Il prossimo presidente del Consiglio avrà il difficile compito di andare a cercare una maggioranza in Parlamento e dovrà condurre l’Italia alle elezioni, al massimo in primavera. Dopo una lista di 28 uomini dal 1946, chiedere a una donna di guidare il prossimo governo è una novità assoluta: non è mai successo nella storia d’Italia. Mattarella spera che in qualche modo questo possa avere un impatto forte sull’opinione pubblica spingendo i partiti a non essere ostili nei confronti dell’esecutivo “neutrale”. Il suo nome è noto agli addetti ai settori e agli ambienti internazionali, non certo al grande pubblico. Eppure Elisabetta Belloni potrebbe rientrare clamorosamente nella partita per Palazzo Chigi. L’ambasciatrice italiana e docente di Cooperazione allo sviluppo alla LUISS di Roma, sarebbe peraltro, secondo alcuni, molto vicina ad Alessandro Di Battista del M5s.

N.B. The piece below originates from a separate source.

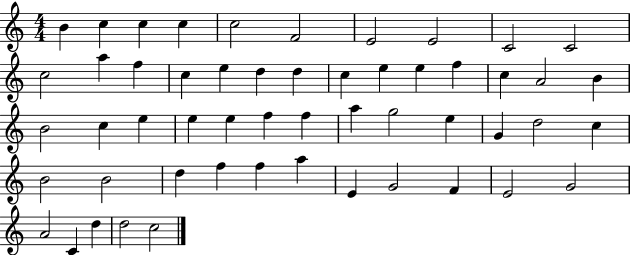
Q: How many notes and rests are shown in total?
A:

Un lungo curriculum con esperienze a Vienna e a Bratislava, dal novembre 2004 al giugno 2008 ha diretto l’Unità di Crisi del Ministero degli Affari Esteri ed è poi diventata direttore generale della cooperazione allo sviluppo della Farnesina dal 2008 al 2013 mentre dal gennaio 2013 al giugno 2015 è stata direttore generale per le risorse e l’innovazione. Ha lavorato gomito a gomito con l’ex premier Paolo Gentiloni quando quest’ultimo era ministro degli Esteri (è stata il suo Capo di Gabinetto dal giugno 2015), prima di venire promossa nell’aprile 2016 Segretario Generale del Ministero degli Affari Esteri.
Un profilo di alto livello quello della “dama di ferro” che la renderebbe perfetta soprattutto per uno scenario: quello di Presidente del Consiglio.
Elisabetta Belloni ha ricevuto onorificenze di alto livello sia italiane: Cavaliere di gran croce dell’Ordine al merito della Repubblica italiana; e straniere: Cavaliere della Legion d’onore (Francia) “Per il contributo dato alla cooperazione bilaterale, in particolare durante le emergenze del Libano, dello tsunami in Asia e degli scontri in Costa d’Avorio”.
E’ stata la notte più lunga per Mattarella e il quadro rimane complesso ma se la scelta ricadesse su Elisabetta Belloni forse si chiuderebbe finalmente, e contro ogni previsione, questa laboriosa e sofferta partita politica.